In clinical practice, the differential diagnosis between EOAN and ARFID is difficult during the initial stages of care in children with a restrictive food intake disorder, body image disturbances are less informative in children than in adults with AN, as only half of children with EOAN felt their body was larger than it is [8, 15]. Thus it could be useful to identify other markers of each disorder because they each require specific treatment and prognosis. Moreover, a reliable clinical assessment of the core symptoms of restrictive food intake disorder (i.e., fear of gaining weight and body image disturbance) can take several weeks. Although the initial phases of hospital treatment for acute malnutrition may be comparable in EOAN and ARFID, other treatments (such as family-based therapy, individual therapy, and medication for comorbidities) are highly dependent on a precise diagnosis of the restrictive food intake disorder [5, 8]. This can sometimes result in a late diagnostic re-evaluation which may affect the prognosis in the absence of adapted management.

Some studies have compared the clinical characteristics of children with ARFID and EOAN. A higher prevalence of males (60% in ARFID versus 6% in EOAN), an earlier onset of illness (6 versus 13 years), a longer time to diagnosis, and more frequent abdominal pain are reported in children with ARFID when compared with those with EOAN [3, 6]. These studies also found a higher prevalence of psychiatric comorbidities including Attention Deficit Hyperactivity Disorder (ADHD), autism spectrum disorder (ASD) and anxiety disorders in children with ARFID as compared to those with EOAN [6, 12, 13, 18]. On the contrary, the mood disorders were more prevalent in children with EOAN than ARFID [7, 14]. In their latent class analysis (LCA), Pinhas et al. found that patients with EOAN were older and with more weight loss, while patients with ARFID were more likely to have a comorbid psychiatric disorder [16]. Despite these differences, both disorders can have somatic consequences/complications requiring inpatient treatment.

To our knowledge, there are no studies that have evaluated the precise diagnostic value of clinical and socio-demographic characteristics available at hospital admission in determining the final diagnosis in children with food intake disorder without including core symptoms of AN in the analysis.

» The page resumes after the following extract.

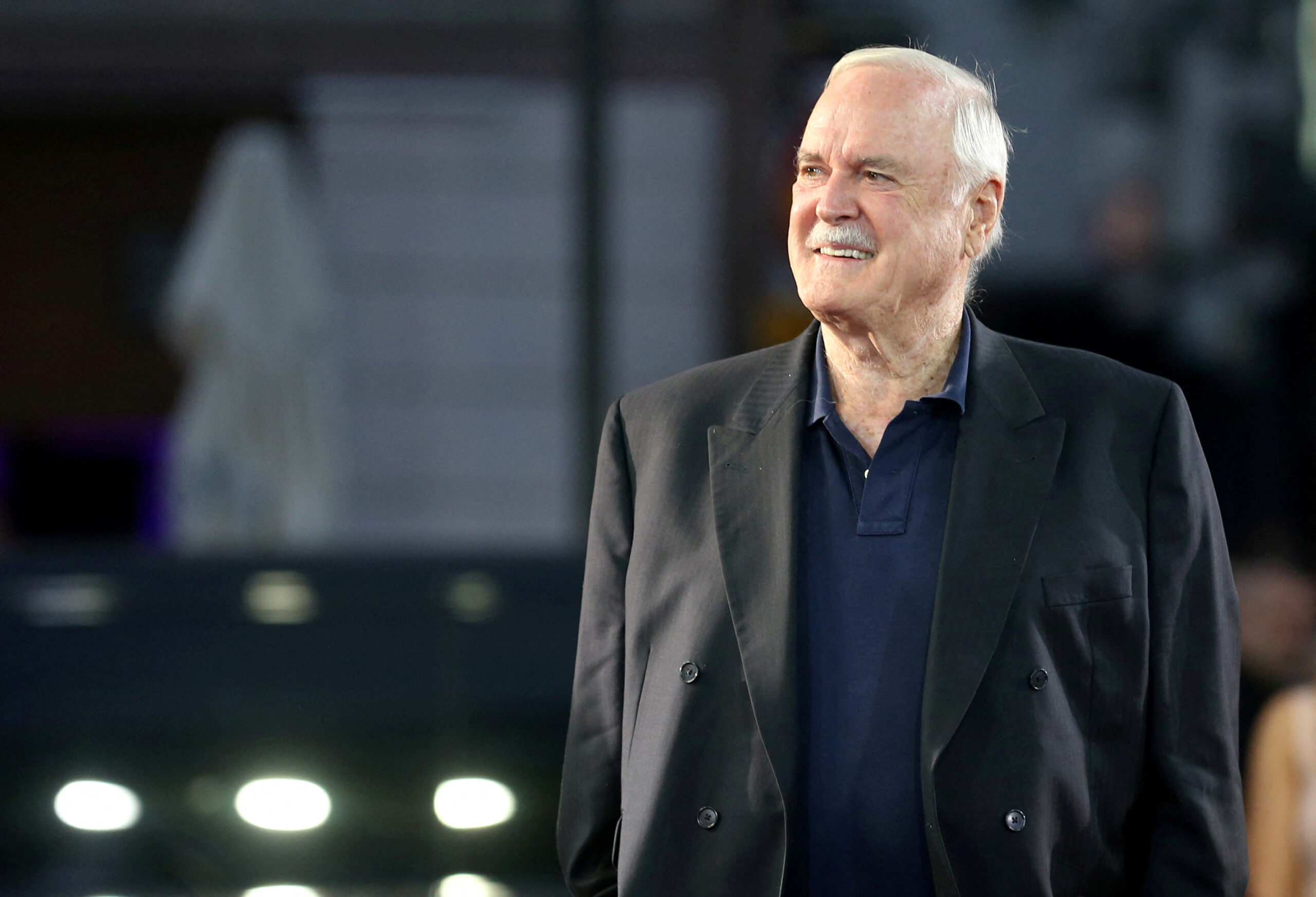 FILE PHOTO: British actor John Cleese walks on the red carpet during the 23rd Sarajevo Film Festival in Sarajevo, Bosnia and Herzegovina, August 16, 2017. REUTERS/Dado Ruvic/File Photo Photo: DADO RUVIC/REUTERS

To fill that gap, we aim to identify subtypes of restrictive food intake disorder in children using latent class analysis (LCA) only based on the clinical information, growth chart analyses and socio-demographic parameters available at admission to hospital. We then evaluated the agreement between the subtypes identified with LCA and the final diagnosis at the end of the hospitalisation (EOAN or ARFID).

Method

Participants and measures

Children from 8 to 12 years old with first hospital admission at the Child and Adolescent Psychiatry Department, Robert Debré University Hospital (Paris, France) from January 2018 to 2020 with restrictive food intake disorder were included (N = 97).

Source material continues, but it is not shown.